RECORDS PROVIDED -
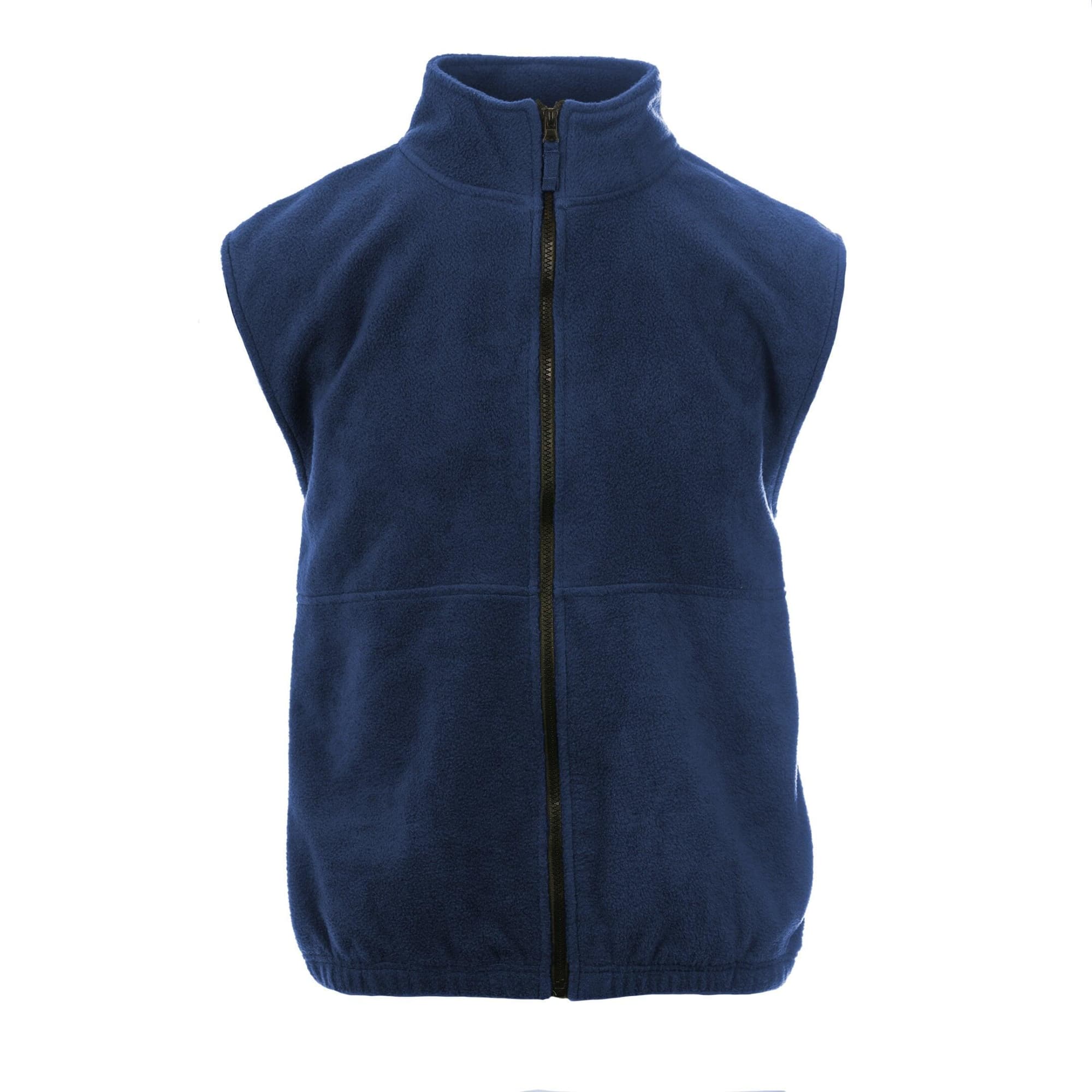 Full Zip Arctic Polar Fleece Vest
* * *
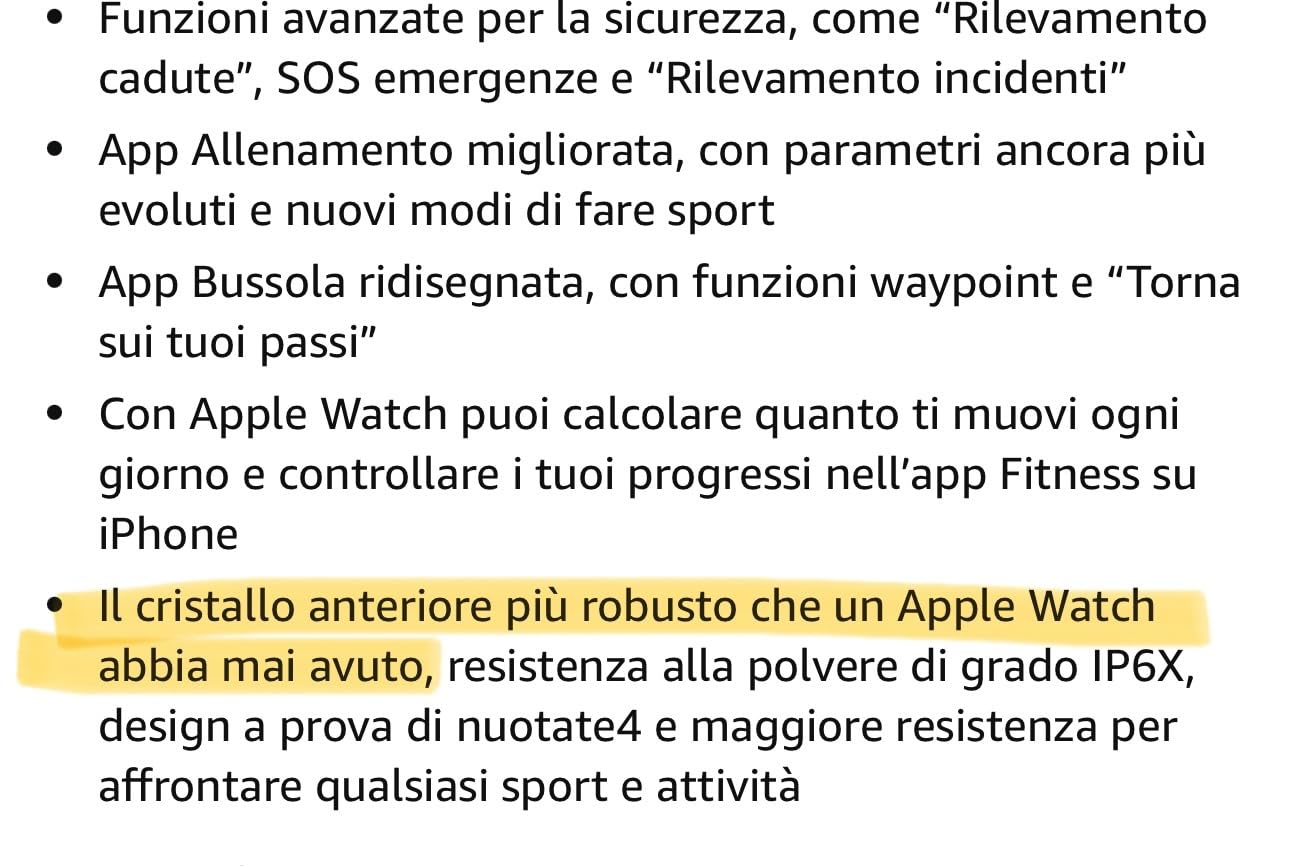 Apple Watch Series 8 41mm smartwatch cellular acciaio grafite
==
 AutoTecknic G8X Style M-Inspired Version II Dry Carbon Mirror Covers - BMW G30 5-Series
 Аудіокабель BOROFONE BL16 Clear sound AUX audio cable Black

TASK PROMPT -
For the material above, reproduce exactly the lines from the line with "AutoTecknic G8X Style" to the line with "Аудіокабель BOROFONE BL16", inclusive, and exclude all others.

ANSWER SECTION -
 AutoTecknic G8X Style M-Inspired Version II Dry Carbon Mirror Covers - BMW G30 5-Series
 Аудіокабель BOROFONE BL16 Clear sound AUX audio cable Black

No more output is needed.